Pada 12 januari 1939 diadakan pertemuan di Batavia atas inisiatif GPI, GKJW, GKI Jabar, yang dihadiri juga oleh peserta-peserta tambaran da wakil-wakil organisasi pekabaran injil. Menjelang perang dunia kedua menunjukan bahwa peranan pekabaran injil, khusnya melalui Zendings Consulat dan IMC cukup penting dalam menempuh jalan yang berakhir pada pembentukan DGI. Sekaligus jelas bahwa  usaha-usaha untuk membentuk DGD turut berpengaruh, sebab member semangat untk mengusahakan suatu dewan yang sama di Indonesia.
Bab 11 no 4
Sikap lebih terbuka terhadap gereja-gereja lain di dorong oleh konstitusi dogmatis tentang gereja “lumen gentium” yang mendobrak pemahaman semula bahwa gereja harus disamakan dengan gereja yang dipimpin paus. Gereja adalah bangsa Allah yang sama seperti bangsa Israel pada zaman PL, sedang dalam perjalanan. Gereja adalah umat musafir. Orang-orang Kristen yang belum mempunyai hubungan dengan pengganti Petrus juga merupakan warga bangsa Allah, sehingga gereja Katolik Roma wajib memelihara hubungan persaudaraan dengan mereka.
Bab 12 no 3
Mereka harus diterima sebagai saudara dalam Kristus. Namun mereka tidak menikmati persekutuan penuh dengan gereja Katolik Roma. Secara implicit dikatakan bahwa ada persekutuan, walaupun tidak sempurna. Dekrit ini tetap melihat gereja Katolik Roma sebagai gereja yang sebenarnya, karena pusatnya adalah kursi Petrus, yang kepadanya Kristus mempercayakan semua alat keselamatan secara penuh.

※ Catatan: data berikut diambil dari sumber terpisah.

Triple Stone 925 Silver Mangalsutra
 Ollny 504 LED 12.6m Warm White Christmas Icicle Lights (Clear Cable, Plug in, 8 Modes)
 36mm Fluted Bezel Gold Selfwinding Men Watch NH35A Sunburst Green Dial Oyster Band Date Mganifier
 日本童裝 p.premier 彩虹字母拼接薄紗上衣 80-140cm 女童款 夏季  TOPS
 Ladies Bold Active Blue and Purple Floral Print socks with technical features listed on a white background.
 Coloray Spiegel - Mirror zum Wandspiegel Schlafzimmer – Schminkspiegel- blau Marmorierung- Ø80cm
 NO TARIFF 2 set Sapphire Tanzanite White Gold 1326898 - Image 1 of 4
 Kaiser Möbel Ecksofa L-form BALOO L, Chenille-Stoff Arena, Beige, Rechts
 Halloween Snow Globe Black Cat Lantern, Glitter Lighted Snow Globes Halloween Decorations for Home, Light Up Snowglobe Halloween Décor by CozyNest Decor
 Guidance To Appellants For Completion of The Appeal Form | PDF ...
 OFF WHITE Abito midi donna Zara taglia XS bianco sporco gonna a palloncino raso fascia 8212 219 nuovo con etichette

Gereja-gereja yang bukan Katolik disini dan ditempat-tempat lain disebut “gereja-gereja dan persekutuan-persekutuan gerejani”. Gereja-gereja yang dimaksudkan khususnya adalah gereja-gereja ortodoks yang mempunyai hubungan langsung dengan gereja mula-mula dan memelihara melalui jabatan rasuli. Gereja-gereja yang tidak memelihara tradisi dan jabatan rasuli secara murni, terutama gereja-gereja hasil reformasi disebut persekutuan-persekutuan gerejani.
 Bab 13 no 1
Sejarah laporan BEM, sebenarnya mulai pada konperensi pertama Faith and Order di Lausanne tahun 1927. Pada konperensi Faith and Order di Montreal 1963 mulai disadari bahwa telah tiba saatnya untuk melangkah lebih jauh dan merumuskan laporan-laporan yang memperlihatkan persetujuan yang sedang timbul diantara gereja-gereja mengenai babtisan. Panitia Faith and Order menyetujui hal ini pada rapat di Bristol 1967. Dan kemudian konsep-konsep pertama mulai ditulis setelah itu. Konsep tentang perjamuan langsung ditulis sesudah Bristol dan diperluas dikemudian hari.
Konsep mengenai babtisan ditetapkan di jenewa (1970) dan diperbaiki (1974). Konsep mengenai jabatan ditentukan di Marseile (1972) dan diperbaiki di Accra (1974). Melalui rapat di Bangalore (1978) akhirnya BEM ditetapkan di Lima, Peru (2-16 januari 1982). Di Lima juga diambil keputusan mengenai liturgy yang disusun untuk kebaktian perjamuan kudus.
BEM tidak merupakan hasil kesepakatan yang sempurna mengenai baptisan, perjamuan dan jabatan, tetapi melaporkan tentang kesepakatan yang sedang tumbuh di percakapan-percakapan di dalam panitia Faith and Order sendiri dan diantara panitia ini dengan gereja-gereja. BEM adalah kesepakatan tentang arah ke mana kesepakatan yang sempurna harus dicari.